World Refugee Day

To commemorate the World Refugee Day is an opportunity to honor refugees all over the world, acknowledge their courage and resilience.

Today, 20th of June, we are marking the World Refugees Day. There are no words to describe the complexities and obstacles that millions of people experience all around the world on yearly basis. Being conscious of this entangled reality, which affects the entire humankind, the UOC-UNITAR joint MA in Conflict, Peace & Security intends to contribute to the understanding of this phenomena by creating awareness and offering a multidisciplinary academic approach.

Taking this opportunity to endeavor public consciousness we asked Prof. Dr. Nikoloski, Assistant Professorial Research Fellow of the London School of Economics and course instructor of the MA in Conflict, Peace & Security, to write a few words.

More pressing challenges stemming from environmental shocks and fragile states, the problem of refugees is expected to be exacerbated in the short to medium term

“Today we are marking the international world day of refugees, 20th of June. And while the first association sparks images of the rivers of people cross the Balkans on their way from the worn torn regions in Iraq and Syria to Western Europe, we ought to understand that the problem is far from resolved. More importantly, as we face more pressing challenges stemming from environmental shocks and fragile states, the problem of refugees is expected to be exacerbated in the short to medium term.
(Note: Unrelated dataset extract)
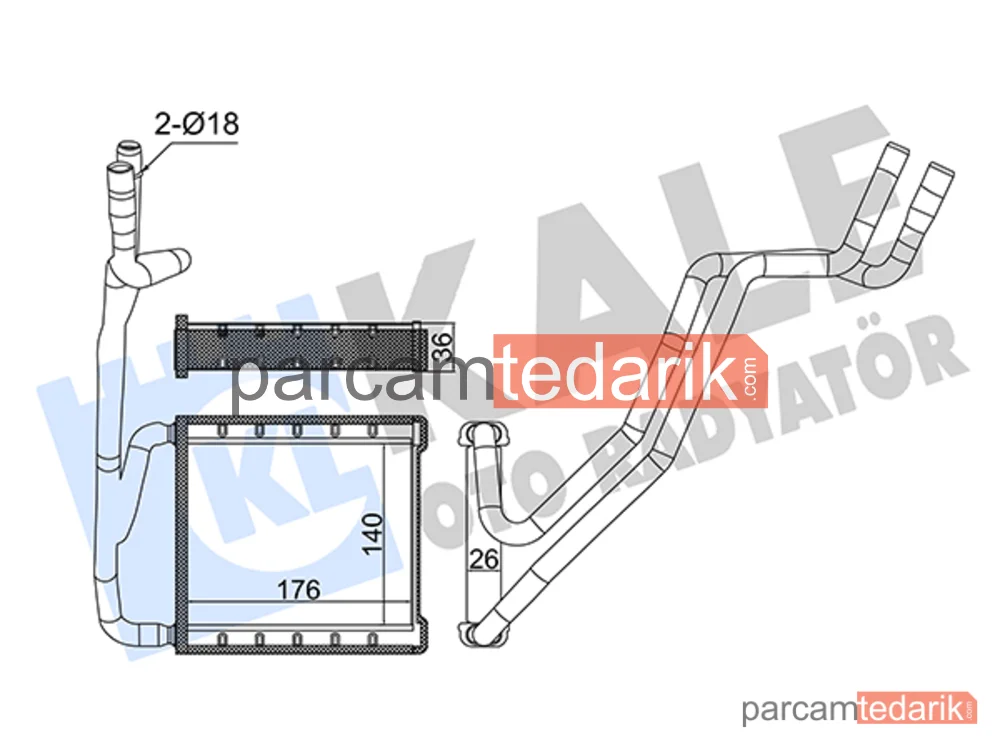 357330 | Kalorifer Radyatörü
For example, in a recent study published by the World Bank using household survey data from a wide variety of countries in Sub-Saharan Africa, show indeed that environmental shocks (e.g. droughts) are the most common type of shocks that households experience. More importantly migration is a common coping strategy for poor households in rural areas. In Niger, for instance, poor households were three times more likely to migrate for work as a coping strategy, compared with non-poor households. In Malawi and Uganda, poor households are also more likely to report working more to cope with a shock. This finding broadly holds when controlling for different types of shock (Nikoloski et al, 2018).

We can only imagine that as droughts intensify and as more and more countries (and tribes within countries) fight for pressure water resources, that the situation could get even worse, with many people forced out of their homes, ultimately becoming refugees.”

Taking into account the plural reality and challenges that refugees face, UOC and UNITAR intend to contribute to the UN 2030 Agenda for Sustainable Development through its joint programs as the MA in Conflict, Peace & Security.